South Africa

ANC-EFF coalition could crush South Africa 

An ANC-EFF coalition could have disastrous effects on South Africa’s financial markets, with money flooding out of the country and the value of the rand collapsing. 

This is feedback from Jason Swartz, portfolio manager at Old Mutual Investment Group (OMIG), who said that investors are generally adopting a wait-and-see approach regarding the country’s elections at the end of the month. 

Swartz said that uncertainty surrounding South Africa’s elections has become a dominant force influencing local investment decision-making. 

This broadly mimics the effect of election uncertainty abroad as the United States and many other countries prepare to elect new leaders in 2024.

“Investors are sitting on the sidelines and seem content to wait for the election outcome before committing capital to invest in the local financial markets,” Swartz said. 

He explained that the result would shed light on post-election coalitions and their potential long-term policy implications.

While it is largely expected that the ANC will lose its majority following the election next month, it is unknown how far support for the ruling party will fall below the critical 50% level and what the post-election coalition will be.

Asset managers and investors are keen to know what policy shifts the local election could usher in, as this will give some indication of the likely impact on the risk and return dynamics for the market. 

Economists and market analysts hope that the South African government’s economic cluster will emerge with minimum disruption after the elections.

“We would like to see institutions like the central bank, National Treasury, and SARS retain their independence following the elections and that the country’s fiscal and monetary policy position remains orthodox,” Swartz said.

International investors, however, also remain concerned about certain election outcomes, particularly an ANC-EFF tie-up due to the latter’s radical approach to economic policy and nationalisation of key industries.

“The market reaction to an EFF coalition with the ANC could be disastrous from a risk premium perspective, and we would see that reflected in the rand and in capital outflows.” 

“Therefore, this is something that asset managers are actively hedging against,” Swartz said.
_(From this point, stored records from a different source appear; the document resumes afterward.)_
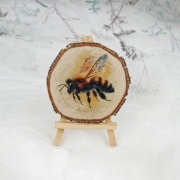 Plaster drewna pod kubek - zawieszka - pszczoła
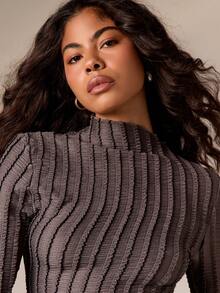 AiiRZ High Neck Ribbed Knit Long Sleeve Crop Top Textured Form Fitting Sweater Fall Winter Minimalist Fashion Modern Casual Everyday Basic Layer - Grey - View 5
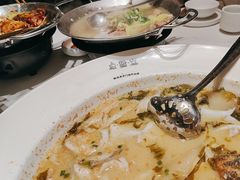 -渔语鱼新川菜Bistro(万象天地店)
OMIG said it has undertaken quantitative analysis to understand the complexity and dynamics of how parties might perform in the election and what post-election political partnerships might look like.

Most asset managers are thinking about their positioning in domestic equities and whether to remain overweight equities or local government bonds.

The asset manager prefers bonds currently, though it admits to trimming some of its exposure in that asset class ahead of the local election “to reflect some cautiousness around what the post-election policy implications could be”.

As for the domestic market equities, Swartz said a lot depends on whether one embraces the risk premium on offer and to what extent one decides to hedge one’s positions.

“Investors that are not prepared to embrace or accept the risk premium in South African equities could consider adding exposure to global industrials or global defensives,” Swartz said.